Write all of the entries out again exactly, but not the images.

Start of MATERIAL PROVIDED

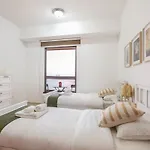 Trendy 2-Bedroom Apartment With Balcony Views At Shams 4 Jbr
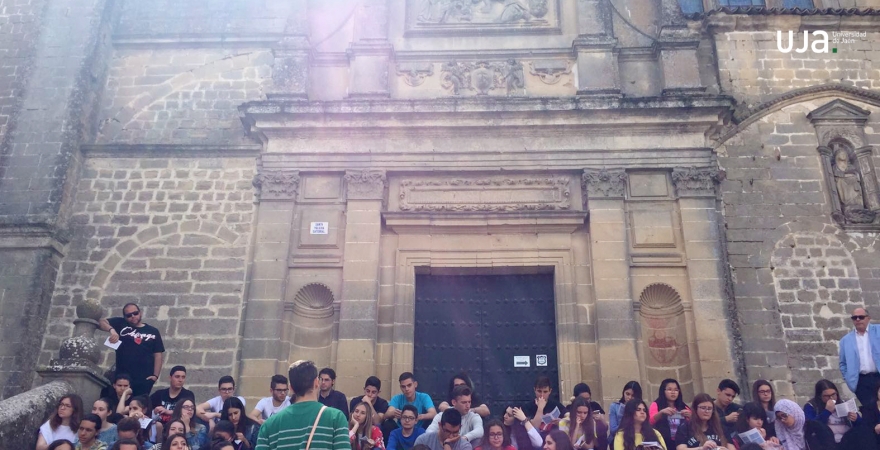 Participantes en la visita a la Catedral de Baeza.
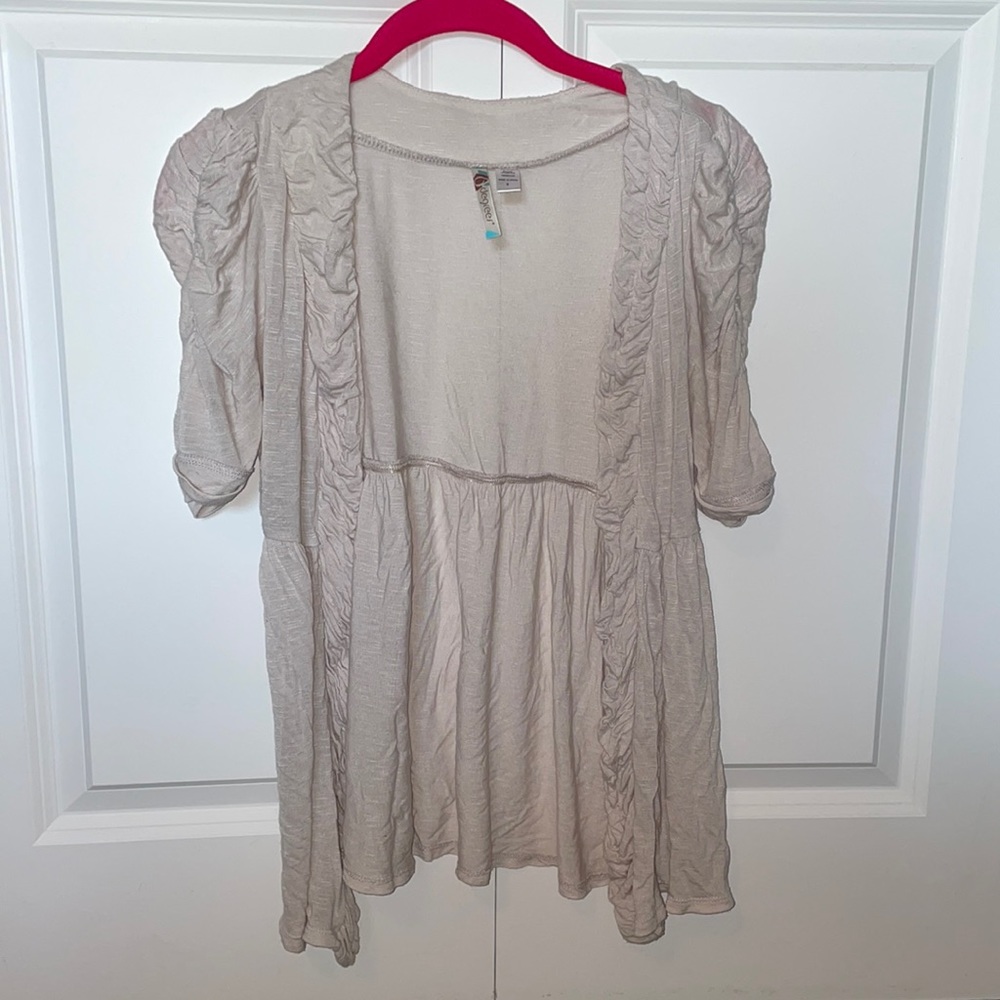 S Cream Short Sleeve Cardigan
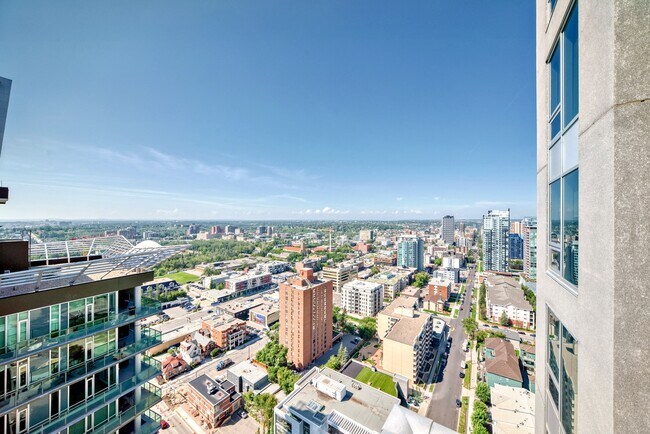 Photo - 1320-2503-1321 1st St SE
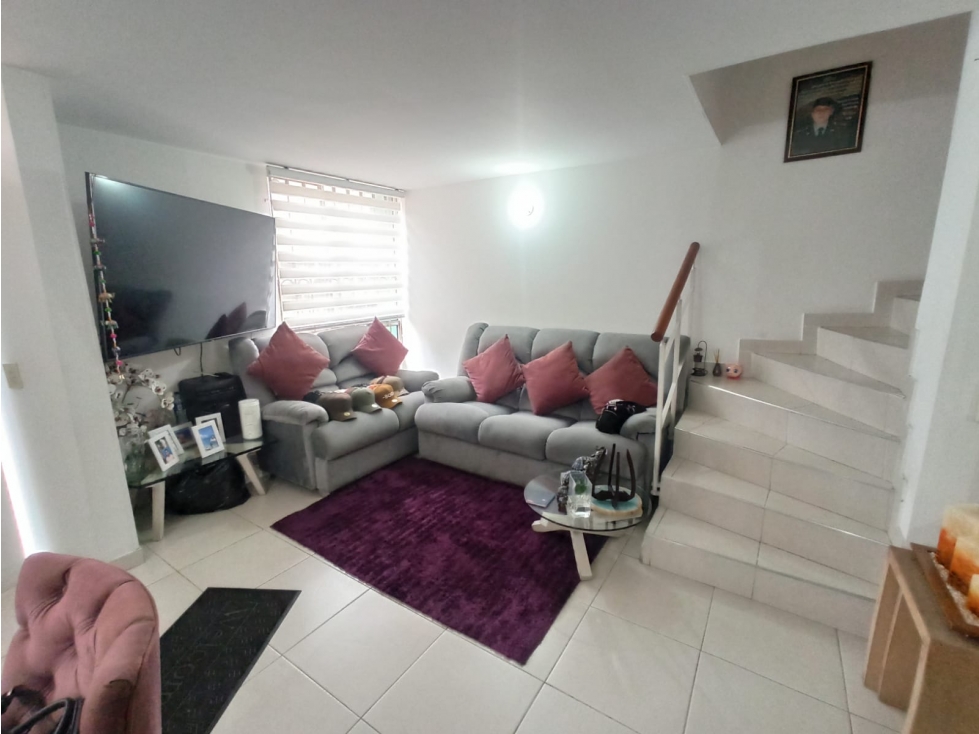 ACSI 1141. Casa en Venta Bogotá, Plaza de las Americas — foto 3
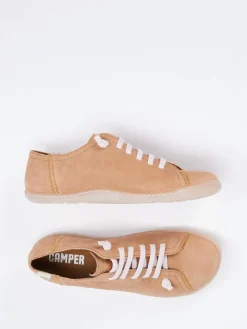 – Low-Top Sneaker aus Nubukleder sandbeige*Camper New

End of MATERIAL PROVIDED

* TASK OUTPUT *
 Trendy 2-Bedroom Apartment With Balcony Views At Shams 4 Jbr
 Participantes en la visita a la Catedral de Baeza.
 S Cream Short Sleeve Cardigan
 Photo - 1320-2503-1321 1st St SE
 ACSI 1141. Casa en Venta Bogotá, Plaza de las Americas — foto 3
 – Low-Top Sneaker aus Nubukleder sandbeige*Camper New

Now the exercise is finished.